- [EXERCISE GOAL] Repeat exactly the lines of the material below that run from the "14k Gold 6.63" line to the "trim panel at the tailgate to loose the trim" line, including both, and do not carry over any pictures.

- [RECORDED DATA]
----------

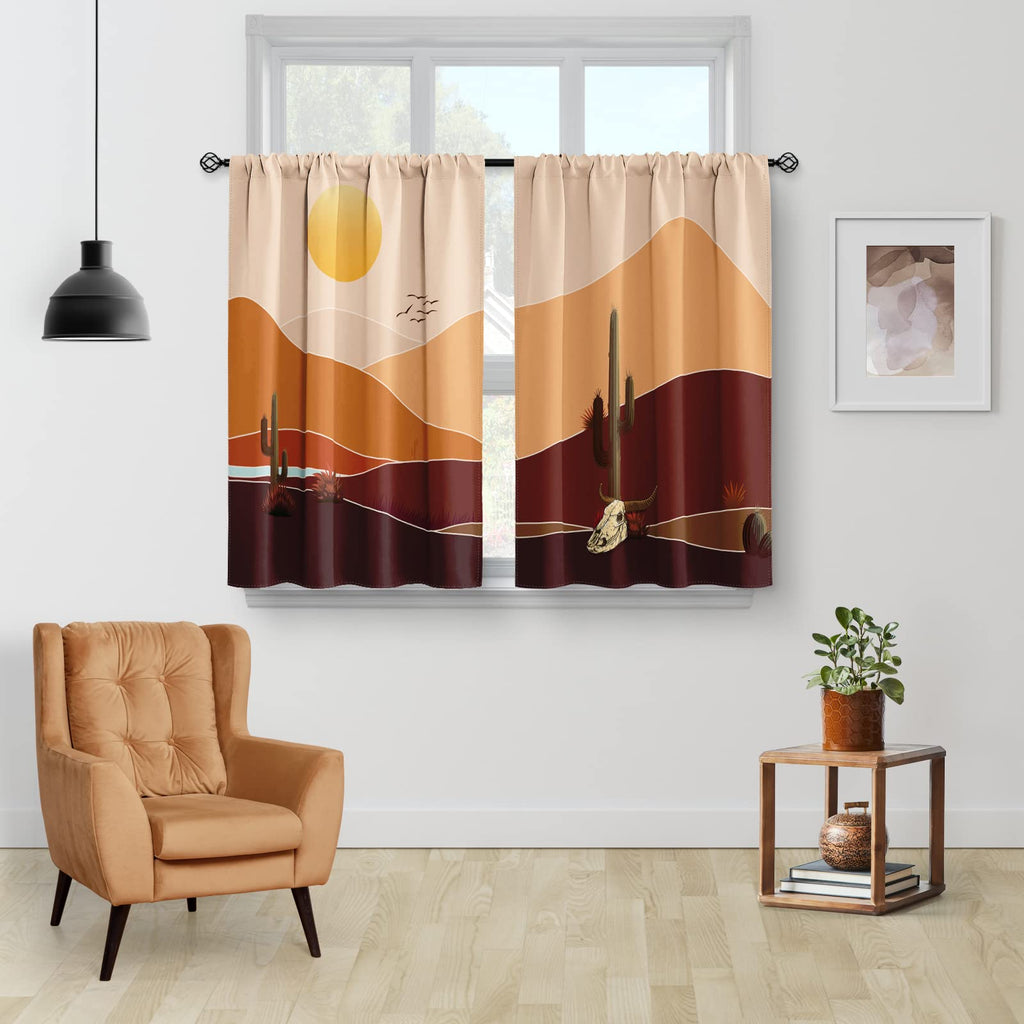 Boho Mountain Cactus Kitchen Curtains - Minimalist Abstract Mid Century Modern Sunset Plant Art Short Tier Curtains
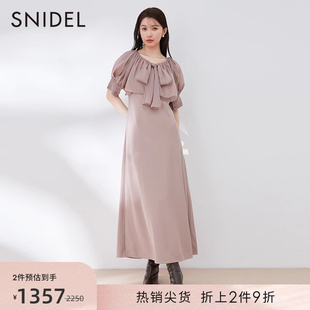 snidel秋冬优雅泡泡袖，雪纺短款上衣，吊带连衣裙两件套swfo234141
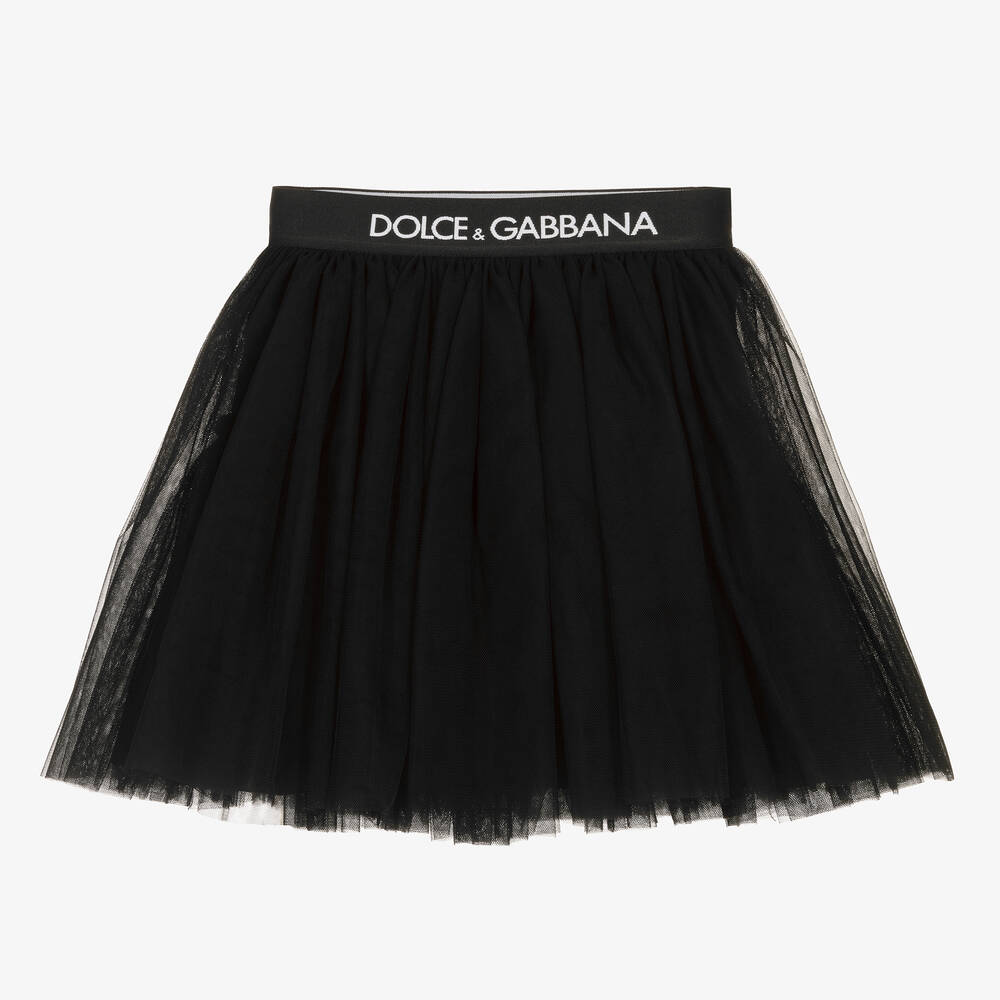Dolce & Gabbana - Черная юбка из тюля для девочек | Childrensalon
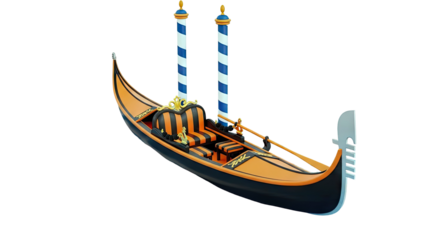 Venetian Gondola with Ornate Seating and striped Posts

----------

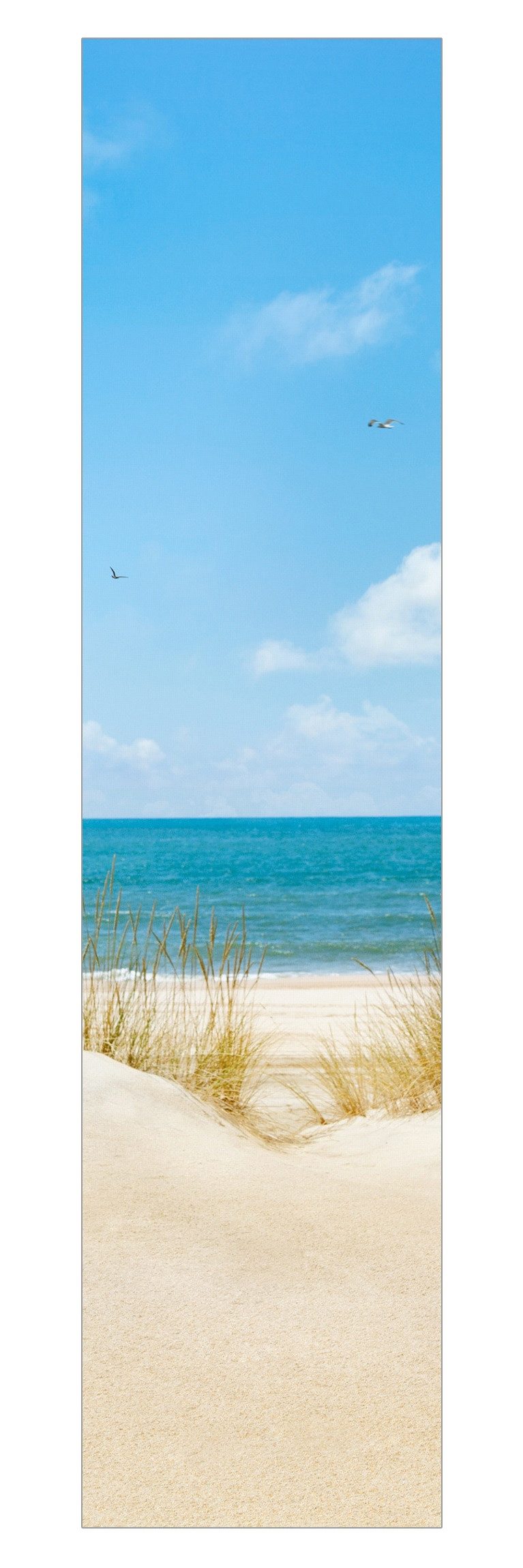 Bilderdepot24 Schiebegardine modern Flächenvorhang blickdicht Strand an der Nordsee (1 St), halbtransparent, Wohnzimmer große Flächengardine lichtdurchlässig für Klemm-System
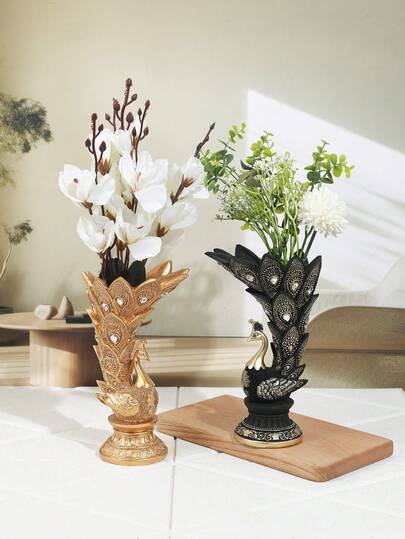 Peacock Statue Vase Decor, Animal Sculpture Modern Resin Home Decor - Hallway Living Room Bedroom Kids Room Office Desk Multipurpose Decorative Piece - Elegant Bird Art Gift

----------

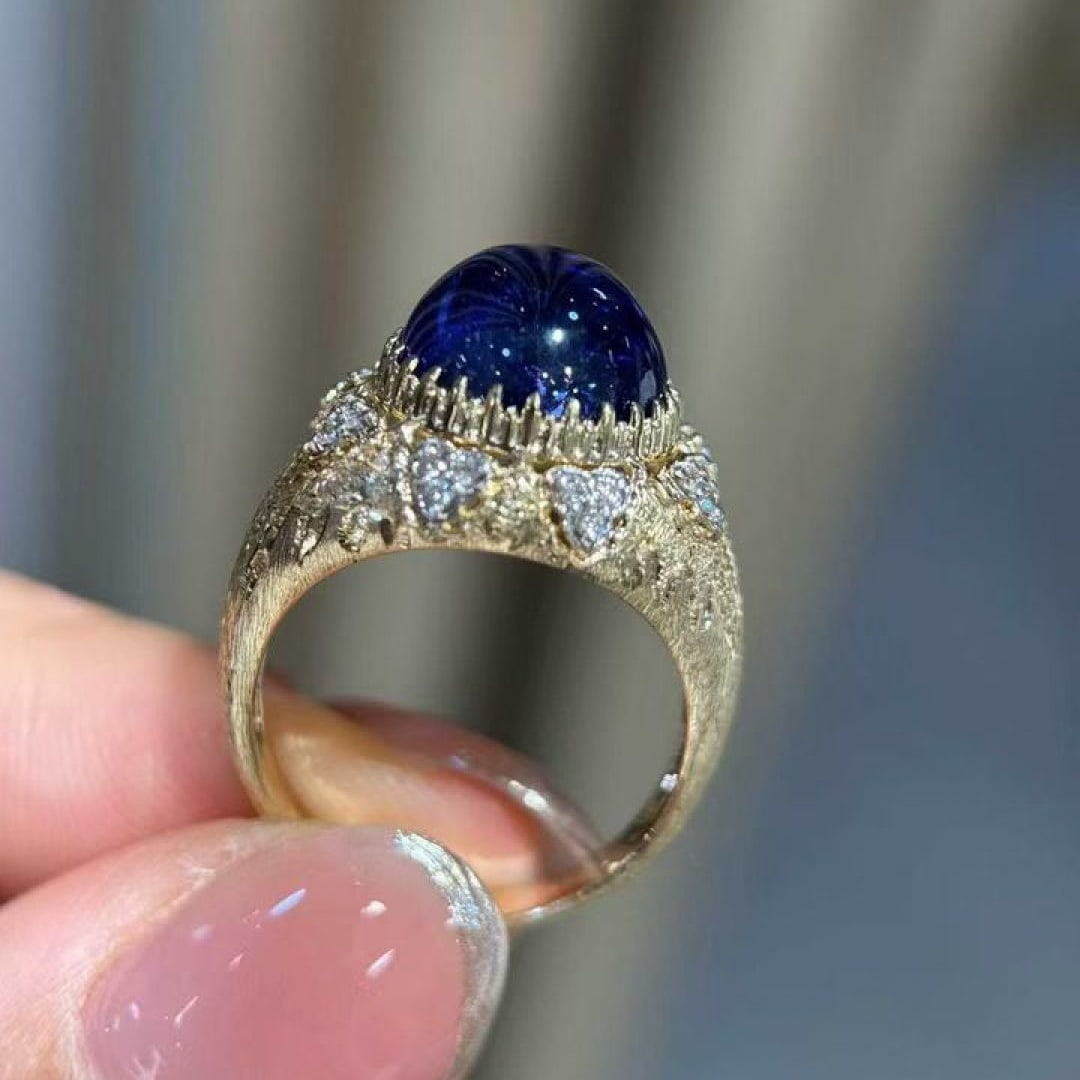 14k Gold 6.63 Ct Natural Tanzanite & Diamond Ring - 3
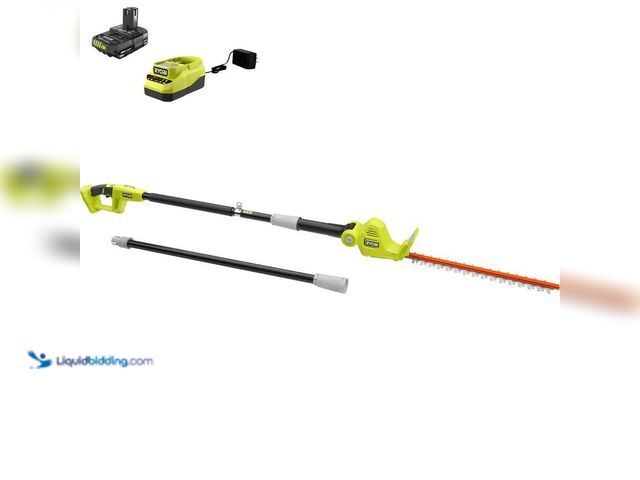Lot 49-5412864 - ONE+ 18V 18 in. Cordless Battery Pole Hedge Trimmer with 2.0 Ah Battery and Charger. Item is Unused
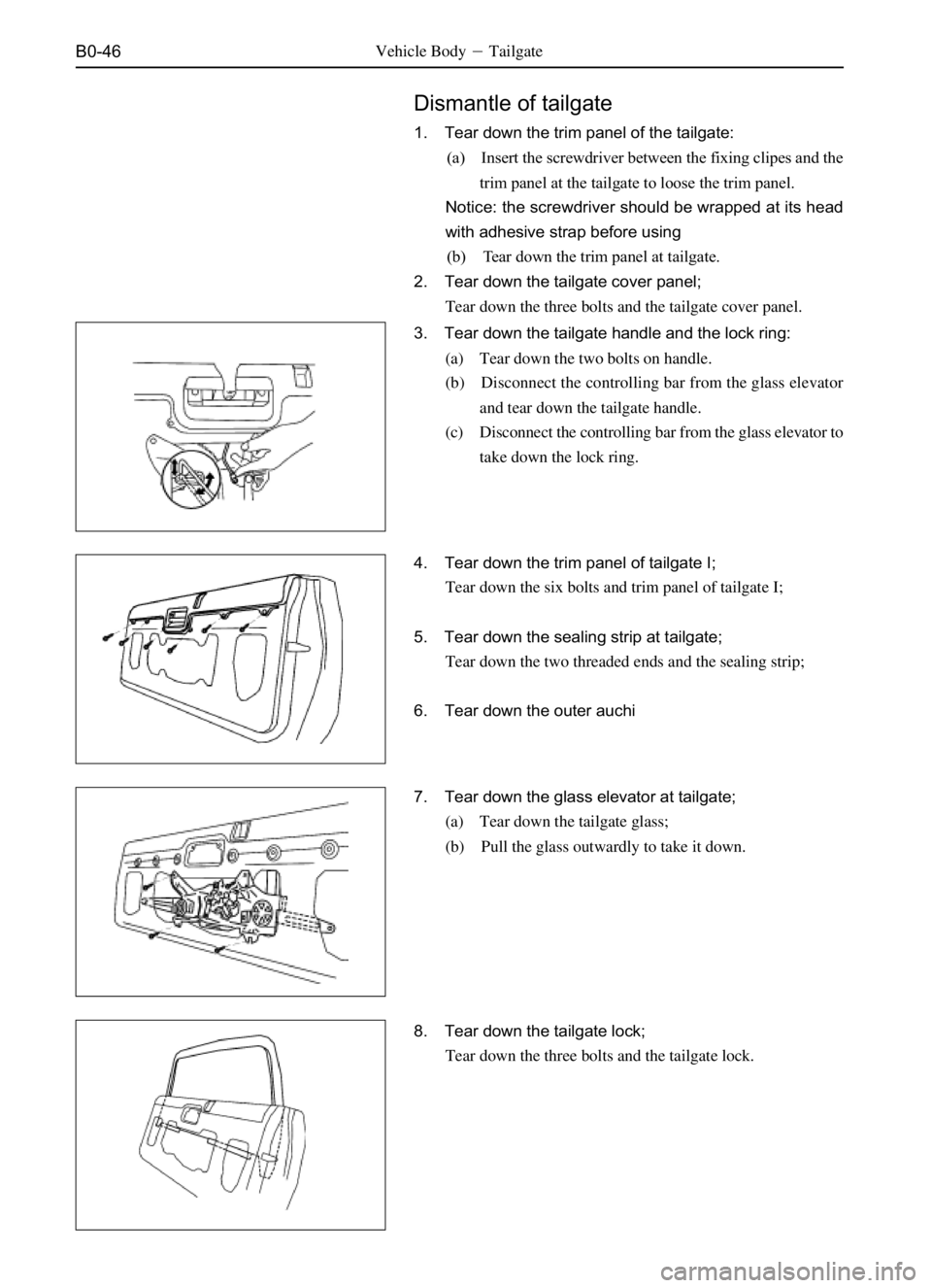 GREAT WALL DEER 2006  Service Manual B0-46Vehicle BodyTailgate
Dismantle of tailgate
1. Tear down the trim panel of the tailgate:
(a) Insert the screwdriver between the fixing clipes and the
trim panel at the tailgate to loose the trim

----------

- [COMPLETED EXERCISE]
 14k Gold 6.63 Ct Natural Tanzanite & Diamond Ring - 3
Lot 49-5412864 - ONE+ 18V 18 in. Cordless Battery Pole Hedge Trimmer with 2.0 Ah Battery and Charger. Item is Unused
 GREAT WALL DEER 2006  Service Manual B0-46Vehicle BodyTailgate
Dismantle of tailgate
1. Tear down the trim panel of the tailgate:
(a) Insert the screwdriver between the fixing clipes and the
trim panel at the tailgate to loose the trim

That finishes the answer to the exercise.